Number 269, March 2002


Whether it's Thursday, Friday, or Saturday night, 2 out of 3 UNC students return home with a .00 BAC. The National Highway Traffic Safety Administration (NHTSA) sponsored a study by the Highway Safety Research Center (HSRC) of the University of North Carolina to develop a program to reduce drinking and impaired driving on a college campus.

During the 1990s, several national telephone surveys documented that drinking was widespread among college students in the United States. These surveys and other studies also documented a variety of undesirable consequences of student drinking. In addition to deaths and injuries resulting from motor vehicle crashes, college students increase their risk of injury as pedestrians, in falls, and in fires. Alcohol use also contributes to interpersonal violence, including sexual assault, and academic problems.

Despite all the reports they have heard about student alcohol use, the researchers found that the norm for alcohol use among college students is actually moderation rather than excess at the University of North Carolina.

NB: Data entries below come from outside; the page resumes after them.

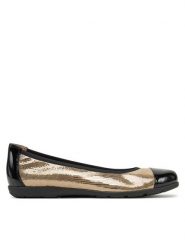 Caprice Baleriny 9-22152-42 Złoty. Żółte balerinki damskie Caprice, bez wzorów, ze skóry. Za 155.99 zł.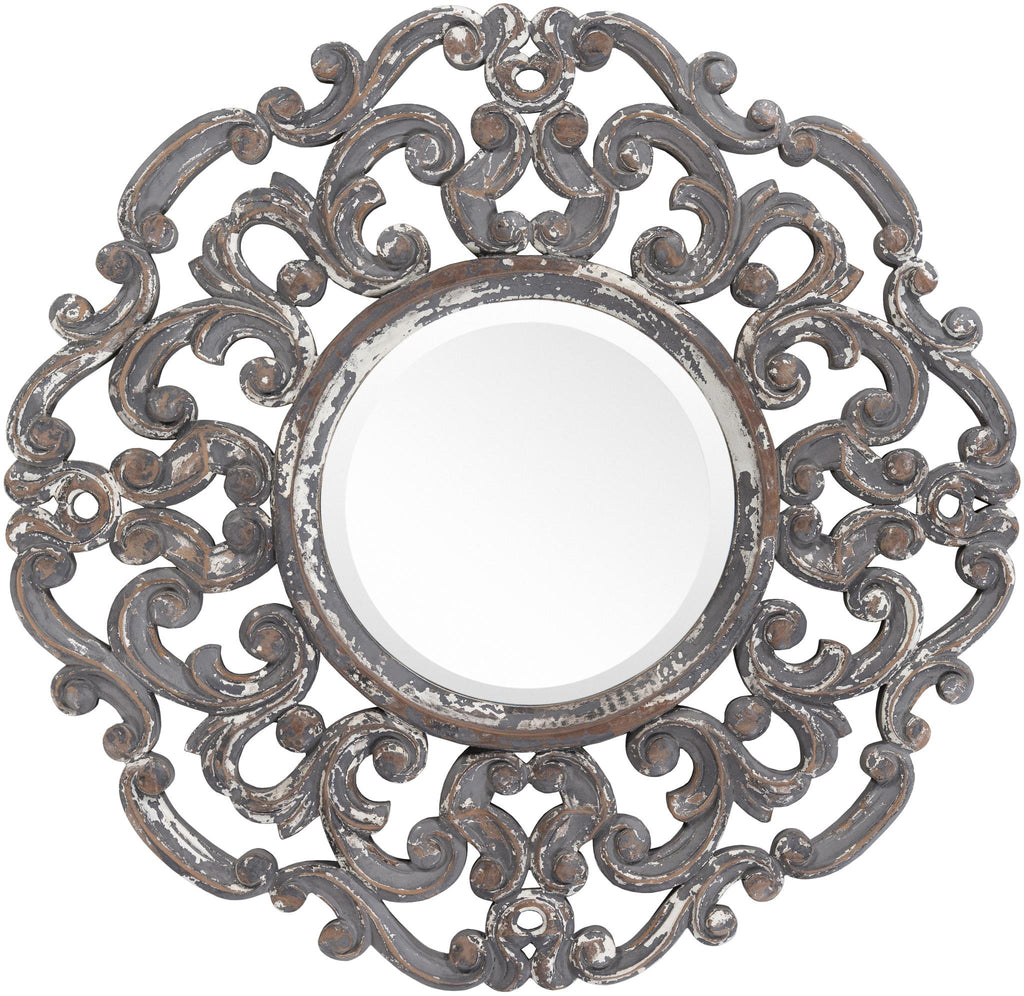 Surya Urvashi URV-002 Gray 24"H x 24"W Mirror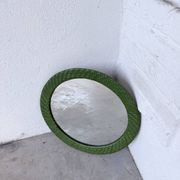 Woven wicker round mirror 1960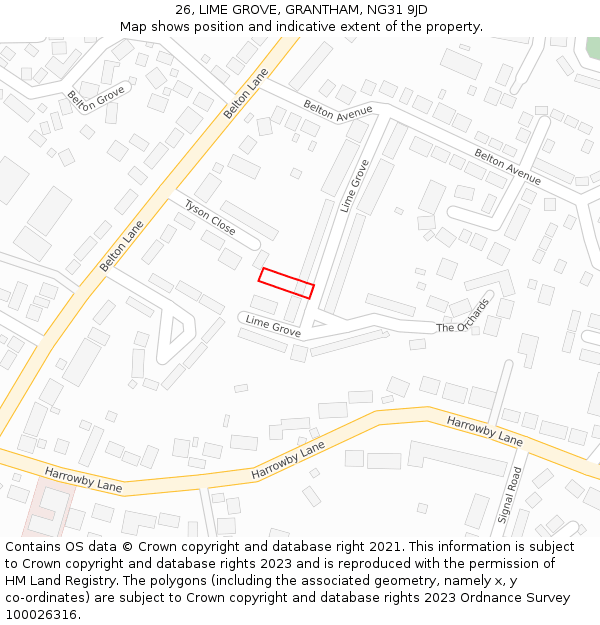 26, LIME GROVE, GRANTHAM, NG31 9JD: Location map and indicative extent of plot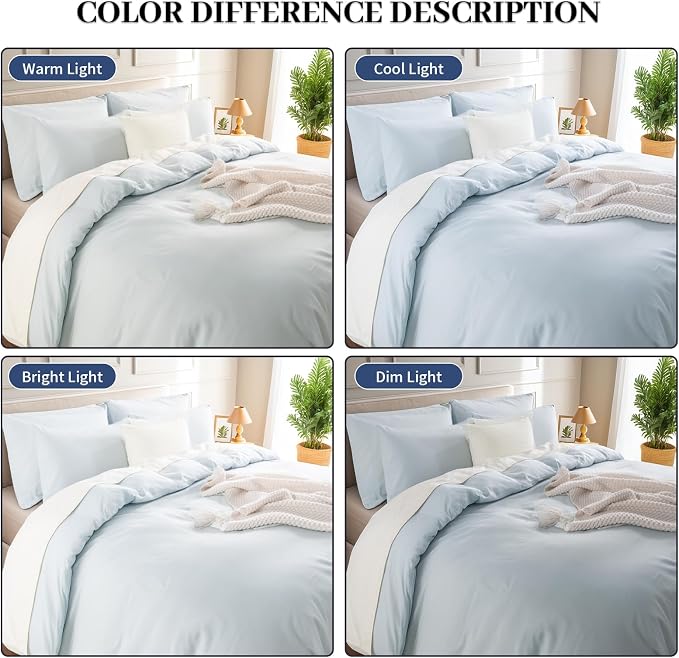 NEXHOME PRO Duvet Cover Set Twin Size Linen Look Textured Organic Natural 100% - Image 2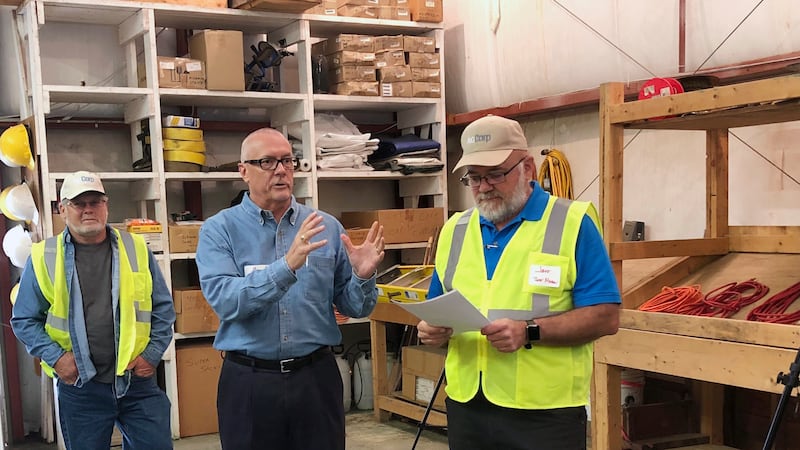 FILE -NioCorp Developments CEO Mark Smith talks to a group of investors during a tour on Oct....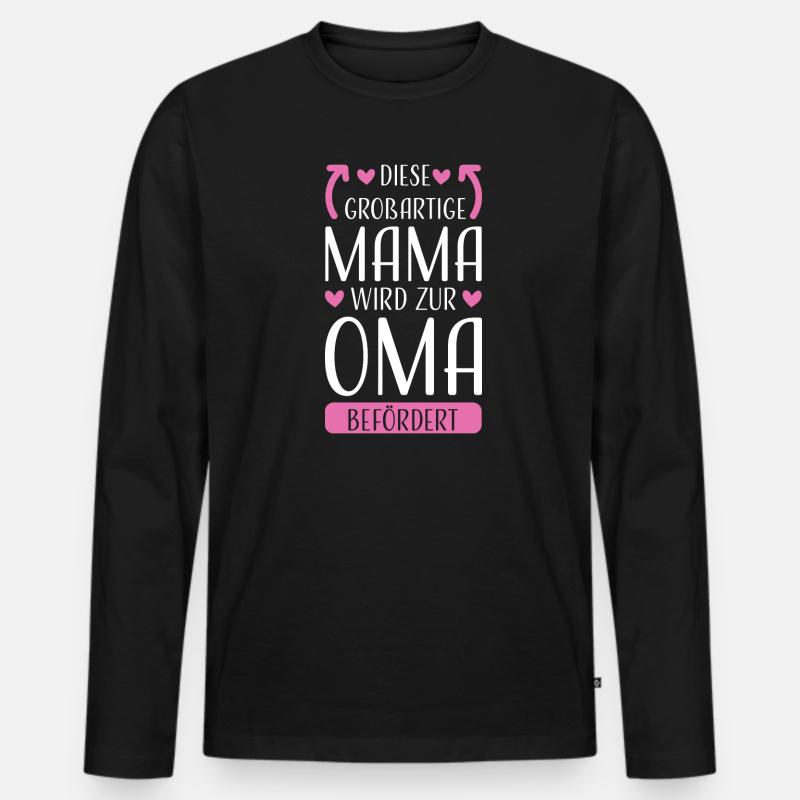 Mama & Oma Familie Mutter Geschenk - Männer Premium Bio Langarmshirt - Schwarz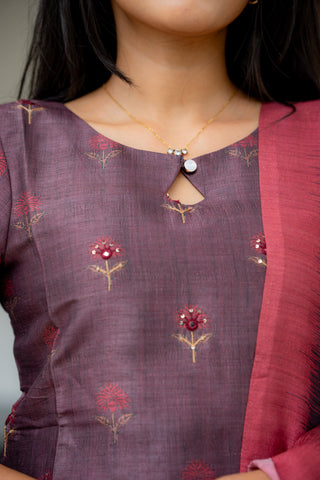 Iyal-Smoky Plum Semiraw Silk Hand Work embroidery Suit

Nighttime Surveys Collect BACs

HSRC used a unique approach. They conducted a nighttime survey where randomly selected students provided breath samples to measure their blood alcohol concentration (BAC) levels. During the fall of 1997, BAC measurements were obtained from 1,786 students as they returned home to residence halls, fraternity and sorority houses, and off-campus apartments between 10 p.m. and 3 a.m.

A different picture emerged from the earlier self-report surveys. Although 23 percent of students had been drinking, high BACs were relatively uncommon - 11 percent of the students had a BAC above .08 and less than 2 percent were above .15. On Thursdays, Fridays, and Saturdays, the traditional party nights, 65 percent of students returned home with a .00 BAC.

It is clear that heavy drinkers believe they are the norm on campus, whereas lighter, less frequent drinkers, despite being in the distinct majority, believe they are atypical.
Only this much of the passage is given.